Para José de Sá, especialista em petróleo e diretor no escritório da consultoria Bain & Company no Rio, 2020 será um ano de ajuste para o setor marítimo. Segundo ele, ainda há um mercado não desprezível de combustível marítimo com alto teor de enxofre, já que muitas companhias ainda não fizeram os investimentos necessários para se adaptarem para o novo combustível, devido a incertezas com relação às especificações do novo produto.
Por outro lado, o especialista da Bain & Company entende que os refinadores que investiram e se prepararam com antecedência deverão ter margens “bem interessantes” nos próximos dois anos. Ele destaca ainda que o Brasil tem um diferencial, já que o petróleo local possui naturalmente baixo teor de enxofre.
A Petrobras fez a mesma leitura e se preparou antecipadamente. A companhia informou ao Valor que todas as suas refinarias têm condições operacionais de produzir o bunker com baixo teor de enxofre e que a produção da empresa é suficiente para atender o mercado doméstico e ainda exportar o excedente.
A diretora de Refino e Gás Natural da petroleira, Anelise Lara, estima que a companhia tenha um ganho adicional da ordem de US$ 1 bilhão em 2020, em relação a 2018, no negócio de abastecimento de bunker.
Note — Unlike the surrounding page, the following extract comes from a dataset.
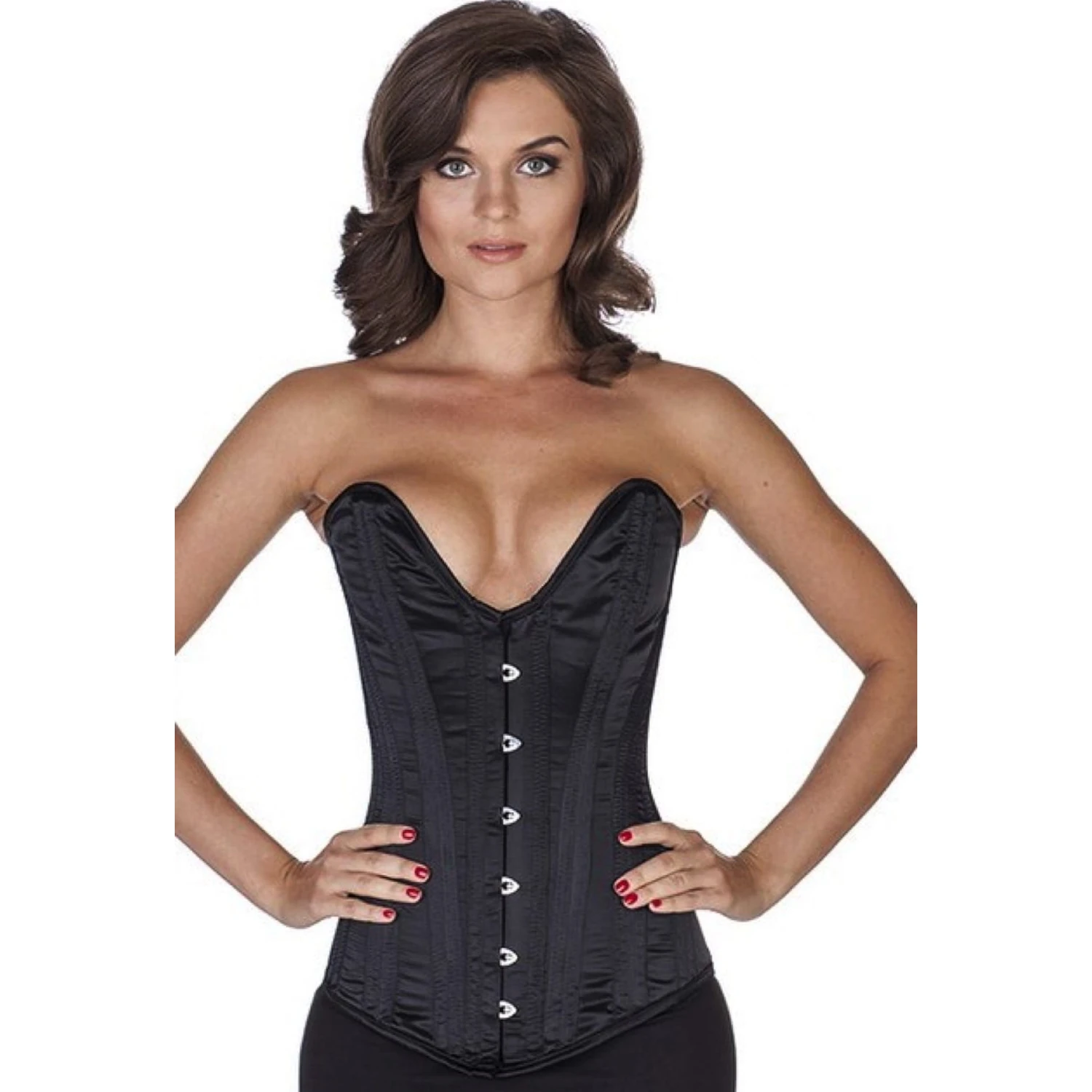 Korsett Schwarz Vollbrust tiefer Ausschnitt Satin sl00 Modell trägt ein elegantes Satin-Vollbrustkorsett Plunge in schwarz mit Innenfutter aus Baumwolle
“No que diz respeito à IMO 2020, estamos muito bem posicionados, porque nosso óleo do pré-sal é baixo em enxofre e nossas refinarias são capazes de produzir bunker com 0,5% [de enxofre] sem necessidade de adicionar mais equipamentos”, afirmou a executiva, em reunião com investidores em Londres, no início de dezembro. “Pretendemos atingir cerca de 900 toneladas de bunker para exportar em 2020, devido às características do bunker da Petrobras”, completou a diretora, na ocasião.
Outro ponto fundamental sobre a nova norma é relativo à fiscalização. Por definição, cada país deve ser responsável pela fiscalização do uso do combustível em seu território. Este é outro motivo para que a mudança no mercado não ocorra de imediato, no entendimento de Sá, da Bain & Company. “Podemos esperar um nível alto de adesão em portos importantes como o de Roterdã [na Holanda] e em Cingapura. Mas nos portos mais remotos é difícil imaginar que vai ter uma entidade representativa fiscalizando especificamente esse tema”, afirma o especialista.
No Brasil, a Agência Nacional do Petróleo, Gás Natural e Biocombustíveis (ANP) se antecipou à mudança e aprovou em maio uma resolução que estabelece a especificação dos combustíveis marítimos em linha com a norma da IMO 2020. “A regra tem como objetivo contribuir para a diminuição da emissão de gases poluentes, favorecendo o meio ambiente e a saúde das populações, em especial as que vivem próximas a portos e costas”, informou a autarquia, na ocasião.